Why laugh? Because the lawmakers who unveiled the new operation are among the state’s headline-grabbingest, yet least productive. Republicans so far right their annual public policy proposals rarely gain traction with an uber-conservative GOP supermajority.
Why cry? Because it came just a week after the Freedom Caucus-style candidates scored victories in pathetically low turnout Republican runoffs, increasing their statehouse numbers to levels destined to give incoming leadership heartburn, if not migraines.

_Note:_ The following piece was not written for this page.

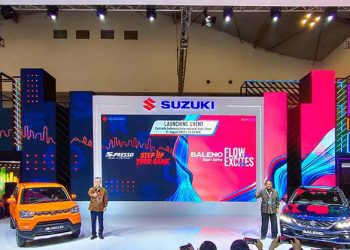 Suzuki Luncurkan Produk Terbaru Baleno dan S-Presso Sekaligus di GIIAS 2022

It would be hilarious to watch the likes of Sens. Shane Jett and Dusty Deevers and Reps. Jim Olsen and Dana Prieto rail about the RINOs [Republicans In Name Only] in their caucuses were it not so out of touch with reality.
The truth is, Oklahoma’s Legislature already is nationally regarded as among the Top 10, if not Top Two, most conservative. Any shift further to the right would usher in the very thing the Freedom Caucus claims to oppose: more government control, less individual liberty.
To be sure, it’s not clear the Freedom Caucus has a GOP caucus majority in either the state House or Senate. But each time a more rational Republican, like House Appropriations Chair Kevin Wallace, gets defeated – as he was in the Aug. 27 runoff – the trickier life will be for incoming House Speaker Kyle Hilbert and Senate President Pro Tem Lonnie Paxton.
And the less likely the Oklahoma Legislature will be able to generate the consensuses necessary to solve the state’s most pressing problems.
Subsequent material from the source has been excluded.